Hace poco, cuando me cambiaba en el vestuario de una piscina, a la que acuden adultos y menores que realizan cursillos de natación, tuve oportunidad de ser testigo de una de esas desiguales conversaciones, por llamarlo de alguna forma, que se dan entre padres e hijos pequeños.
El padre agobiado, trataba de acelerar a su hijo, que se lo tomaban con una calma chicha, que desesperaba al primero.
La explicación es muy sencilla y puede servir para múltiples ejemplos de convivencia entre progenitores e hijos: adultos y niños vamos siempre a ritmos diferentes.
¿Y qué decir de los niños desobedientes, que parecen sordos,cuando se les habla?
¿O de aquellos con rabietas interminables, que son capaces de amargarnos un momento de esparcimiento en un establecimiento público, cuando el renacuajo ha decidido revolcarse por el suelo,en señal de protesta?
¿ O de los que no dejan de interrumpirnos mientras hablamos o son tan ruidosos que hasta muchos trenes disponen ya de “vagones silenciosos” para sus viajeros adultos?
¿O de ese niño que nos bombardea con balonazos o arena, mientras tratamos de descansar plácidamente en la playa?
¿O de ese niño que siempre te deja en evidencia, contando algo íntimo que ha escuchado o visto y debería ser secreto de Estado?
Son tantos los ejemplos, que podríamos estar horas escribiendo, pero sería el gran cantautor Joan Manuel Serrat quien los condensaría en una magnifica canción, perteneciente a su álbum En Tránsito, publicado en 1981.
Serrat, en sus intervenciones siempre ha dedicado el tema a los niños y al humorista Miguel Gila, de quien había escuchado el término de locos bajitos.
Es su entrañable letra, poesía pura y una evidencia de que, cuarenta años después, los niños de entonces, siguen siendo como los de hoy y siempre seguirán así.

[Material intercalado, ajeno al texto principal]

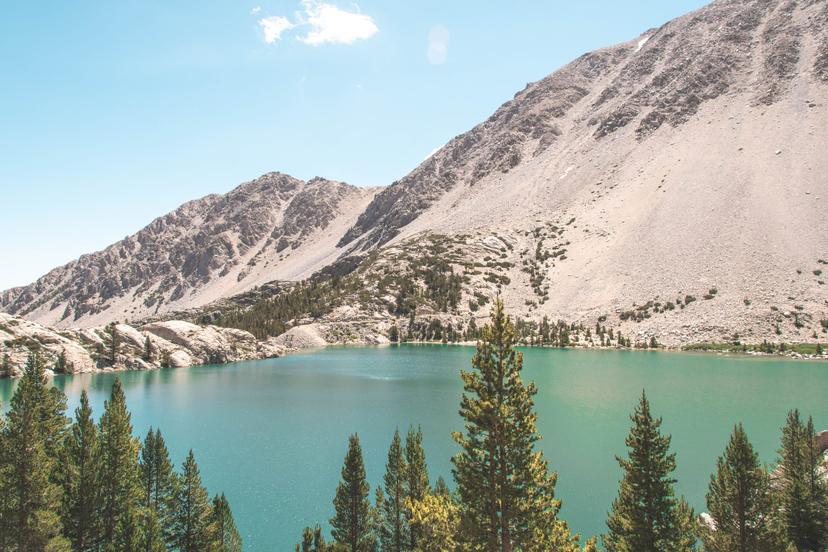 Mammoth photograph 16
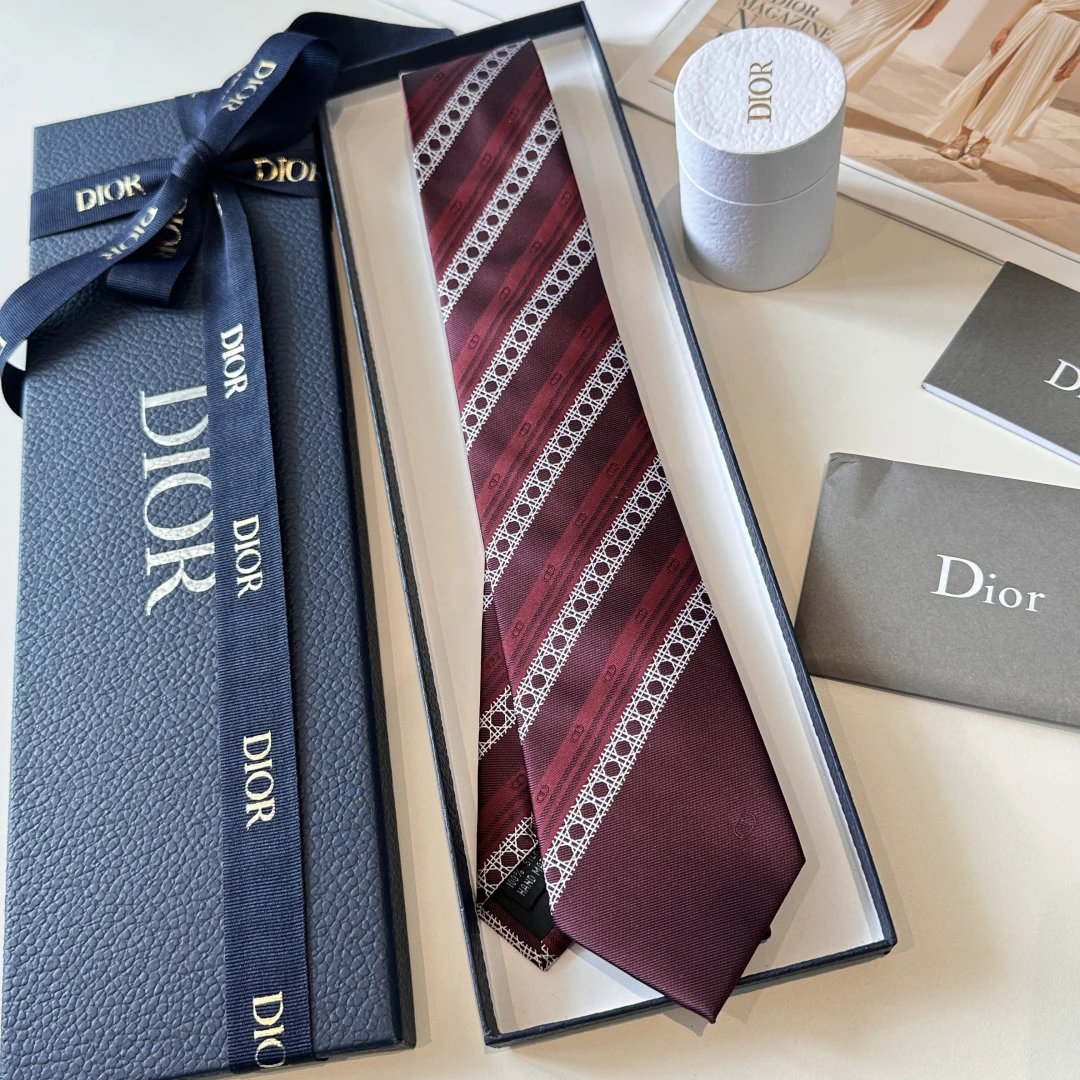 Dior Silk Tie Ver.F — QC
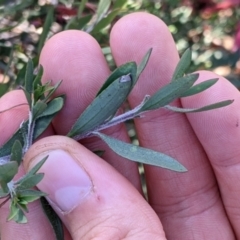 Eremophila maculata at Tibooburra, NSW - 30 Aug 2022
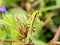 Grasshopper green grass wild closeup insect macro ðŸ¥°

Lo triste es que ahora, para que no nos den la turra, lo fácil es empatallarlos, no ya al televisor con las dos cadenas de programación que teníamos antes y con limitado horario infantil, sino a un videojuego, teléfono móvil, tablet u ordenador que ni siquiera controlamos.
Es sin duda, la extraña paradoja de sobreproteger a nuestros hijos en la vida real y que puedan quedar desamparados en la digital.
Al final, un día comprobaremos que han crecido demasiado rápido y es entonces cuando desearemos haber podido parar el tiempo.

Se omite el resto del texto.